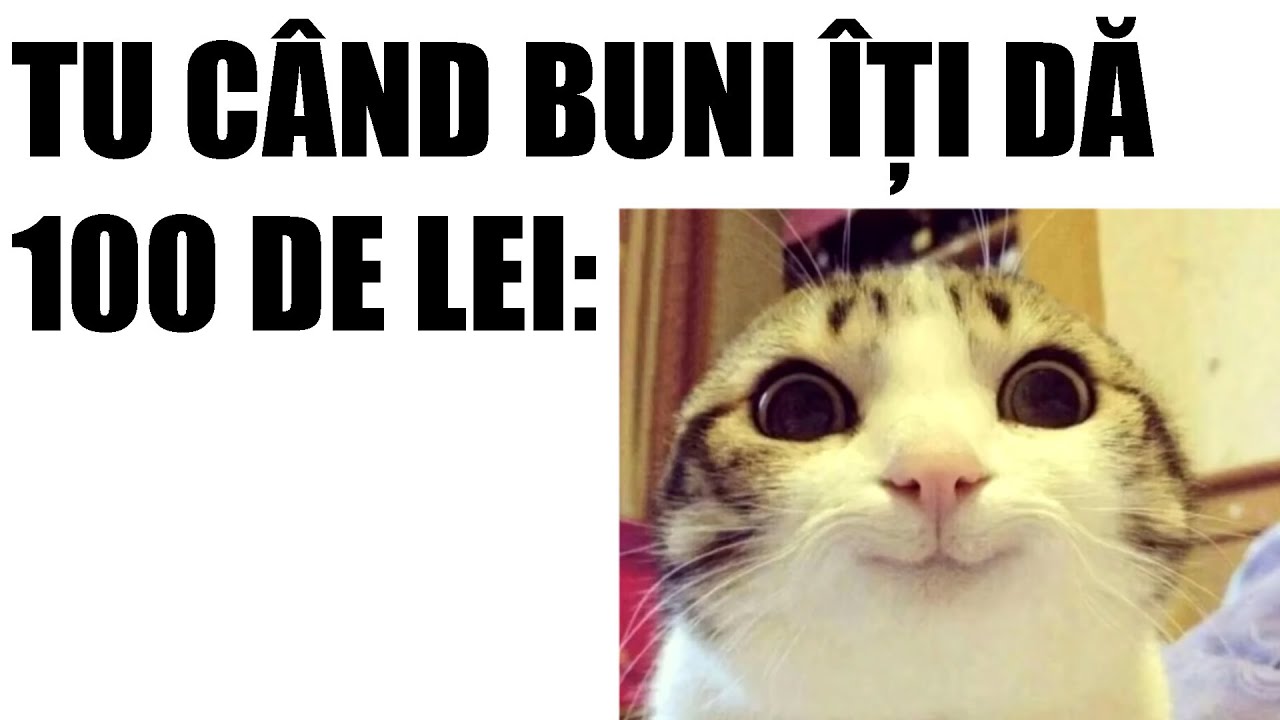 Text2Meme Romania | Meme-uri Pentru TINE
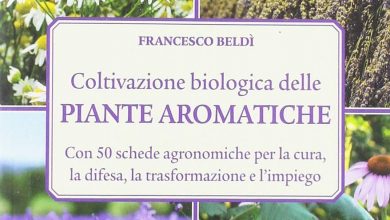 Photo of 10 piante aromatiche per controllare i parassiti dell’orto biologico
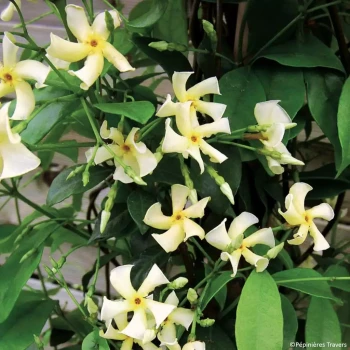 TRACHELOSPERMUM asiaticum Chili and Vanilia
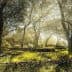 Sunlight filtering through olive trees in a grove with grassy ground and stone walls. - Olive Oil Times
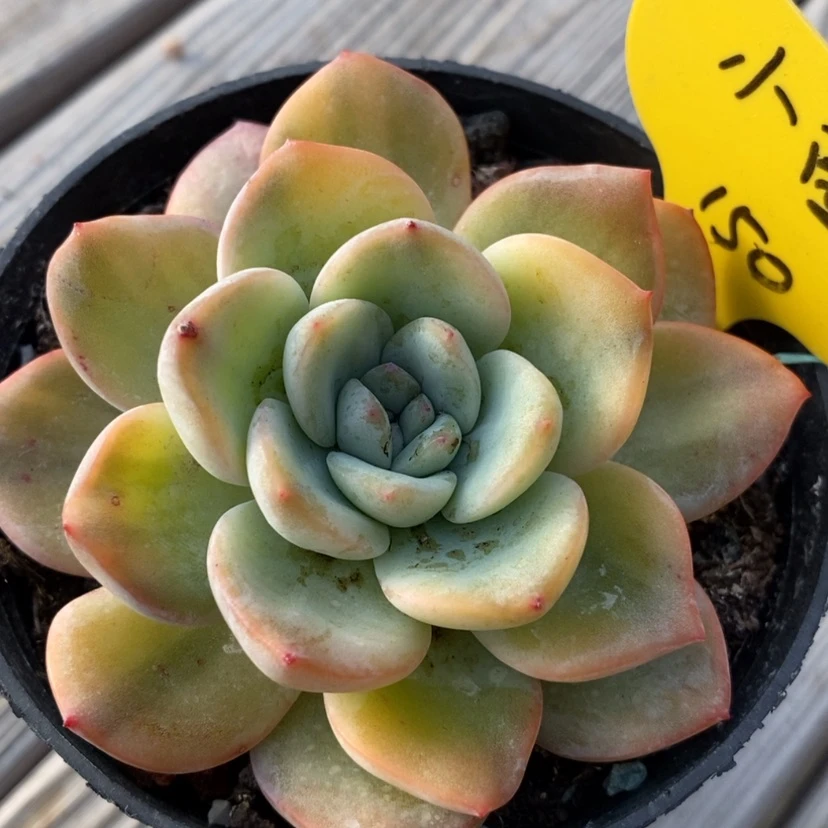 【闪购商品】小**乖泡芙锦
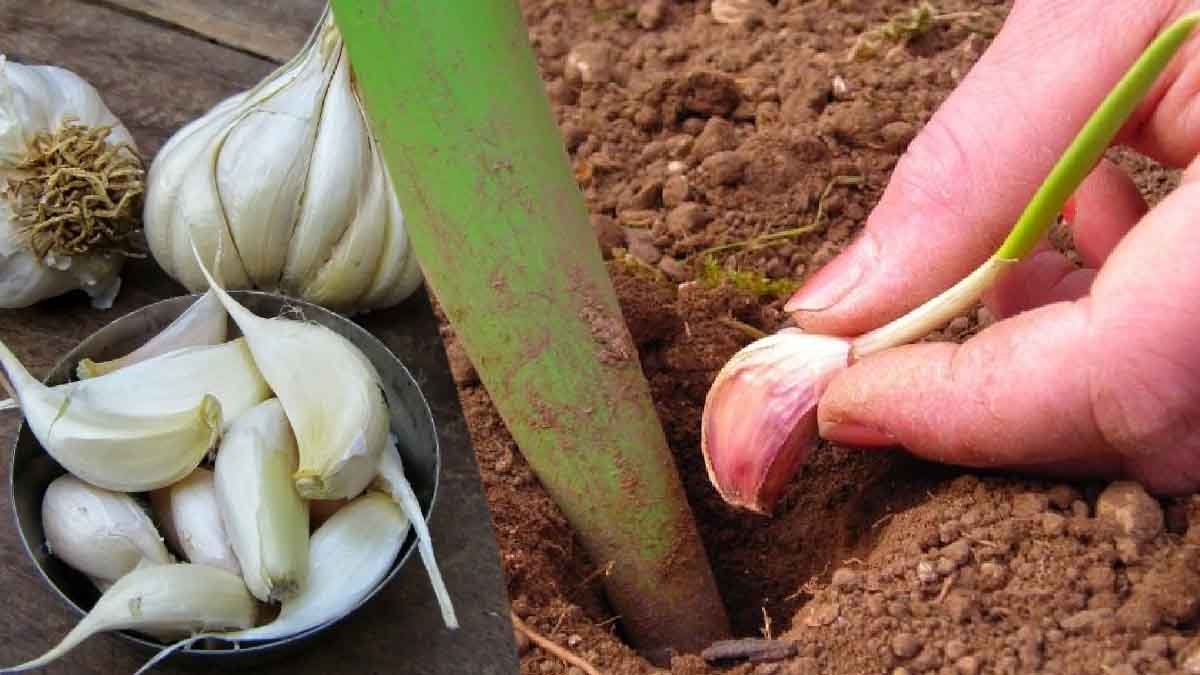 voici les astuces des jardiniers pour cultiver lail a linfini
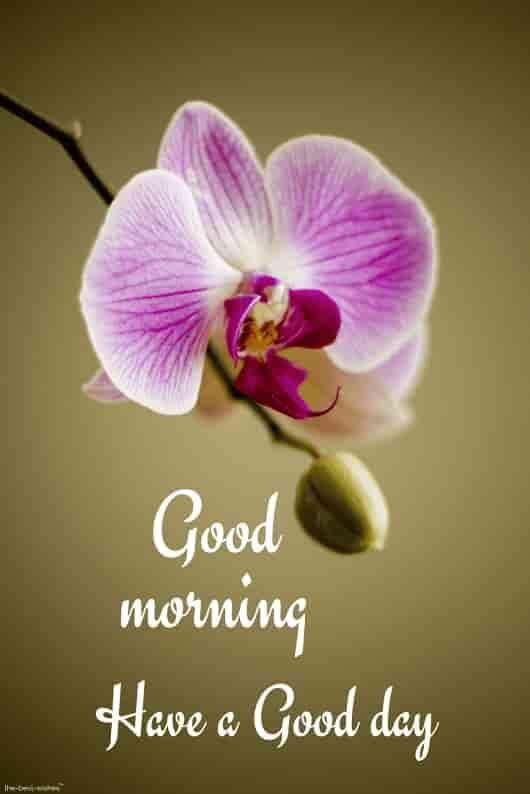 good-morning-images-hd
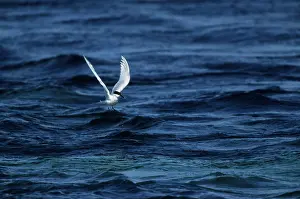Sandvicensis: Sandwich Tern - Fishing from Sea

_ _ _

▶ [Action item]
The line containing "good-morning-images-hd" and all lines after it, through the last line of the records, should be returned exactly. Omit the pictures.

▶ [Task output]
 good-morning-images-hd
Sandvicensis: Sandwich Tern - Fishing from Sea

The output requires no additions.